Sure..in addition to being publicly ridiculed and humiliated! :lol:


----------



## Al Hansen (Sep 7, 2007)

NHS said:


> Al Hansen said:
> 
> 
> > Looser buys the beverage ??????????????? :lol:
> ...


That happens here daily...... :lol:


----------



## huntingbuddy (Sep 10, 2007)

I am in for the 22lr. Guess that means I have to go sight my 22 in.


----------



## huntducksordietrying (Sep 21, 2007)

Sounds good to me. I will even pitch in and help get some targets, stamps, envelops, ect. if you need. We could even have a scored match where you shoot to hit a spot. 10 ring means 10 points, 9 ring means 9 points ect. The grouping one sounds funner, but only if it is kept honest, no yahoos shooting a .223 at 25 yards...You know who you are. :evil: JK. Anyway.
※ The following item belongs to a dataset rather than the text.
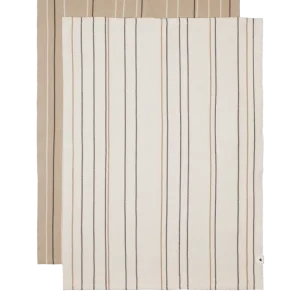 Ito Tea Towel - Set 2 - Parchment/Cashmere Ferm Living - SE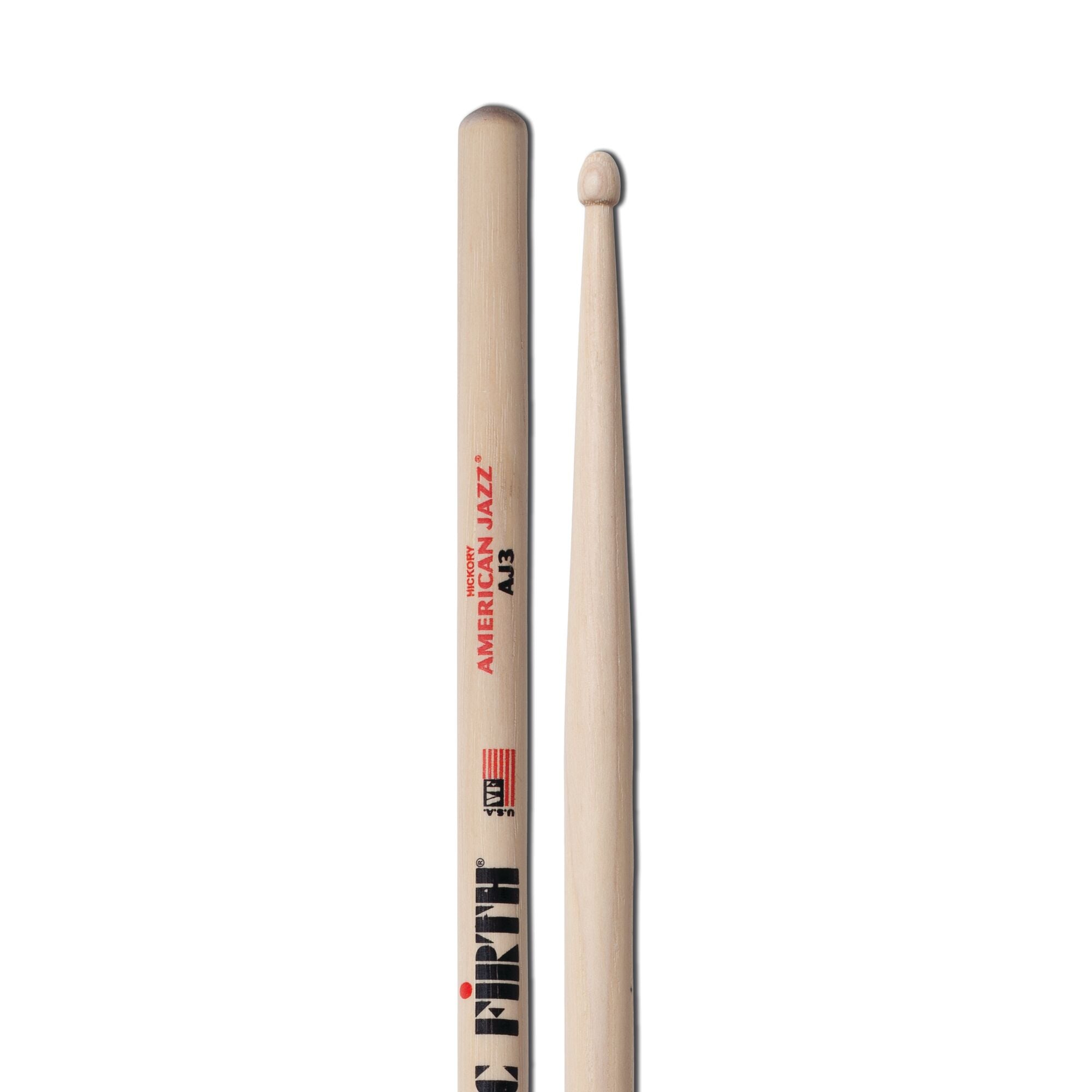 vic-firth-american-jazz-3-drumsticks-holzspitze image 4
Let me know.


----------



## NHS (Sep 7, 2007)

It would of course be on your honor. The grouping would be measured with a caliper, greatest outside measurement(M) minus the diameter of the caliber being shot(D). Do this for three groups and average the results. The target will have three aiming points so all three groups would be on the same paper. The final score would be:

[(M-D)+(M-D)+(M-D)]/3.

In the unlikely event of a tie, the group closest to the bull would be the winner.


----------



## sagebrush (Sep 8, 2007)

sounds like something that will be fun, and past the time by with.


----------



## BRL1 (Sep 12, 2007)

I guess it would give me an excuse to sight in the new 223.


----------



## Huge29 (Sep 17, 2007)

I'm in, maybe you just tell us which target to purchase and we are each responsible for it so as to not hit you up with $2-$3 for each participant in envelopes, targets and postage?? Will there be a potato gun category?


----------



## NHS (Sep 7, 2007)

I can make the targets. I have access to the materials to do it. It will be a custom target that will have 3 aiming points and an extra one for a sighter. The official entry target will be be on a heavier paper that will be unique. When you recieve your target, you can make copies of it to practice on. When you are ready to shoot your official entries, you will only have the one official target to shoot on, so you will have to make it count. No redos.  If you are shooting in more than one category, you will recieve a target for each category. That is what makes it fun. The practice, preparation and pressure to shoot good when it counts. I also have access to envelopes. 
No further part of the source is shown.